4) Under each of the keys identified in 3 for each video card, add two dword values:
DisplayLessPolicy
LimitVideoPresentSources
and set each value to 1
5) Once these have been added to each of the video cards, shut down Regedit and then reboot.
6) OctaneRender™ should now see all video cards." [ https://docs.otoy.com/#sector_9 ]

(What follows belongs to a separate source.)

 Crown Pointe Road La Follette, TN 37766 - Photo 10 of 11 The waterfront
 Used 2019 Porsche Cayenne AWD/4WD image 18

*/ In particular situations where just following the above steps once doesn't work, I've found success by loading the number of GPUs that load without issue; then perform the above listed steps; then shutdown; then add one more GPU; then restart; then repeat the whole process as each additional GPU is added. Once all GPUs have been added successfully, I perform the process once more to better accommodate the next addition.
Last edited by Tutor on Fri May 06, 2016 1:37 pm, edited 3 times in total.
Because I have 180+ GPU processers in 16 tweaked/multiOS systems - Character limit prevents detailed stats.
User avatar
Tutor
Licensed Customer
Posts: 531
Joined: Tue Nov 20, 2012 2:57 pm
Location: Suburb of Birmingham, AL - Home of the Birmingham Civil Rights Institute

Notiusweb wrote:
smicha wrote:Guys,

Any advice when there are only 4 gpus visible in windows and there are more on board? Is there anything I can do apart from clean reinstall of nvidia drivers?

They (7) were visible all when connected via DP cable to the highest card. When connected to lowest via DVI only 4 of them are visible. When HDMI cable was used same thing. Now DP cable is connected to the 1st cards and only 4 are visible... Any clues?
Hey Smicha, Device Manager recognizes only 4 or all 7? Or does it recognize all 7, but 3 have a yellow exclamation point?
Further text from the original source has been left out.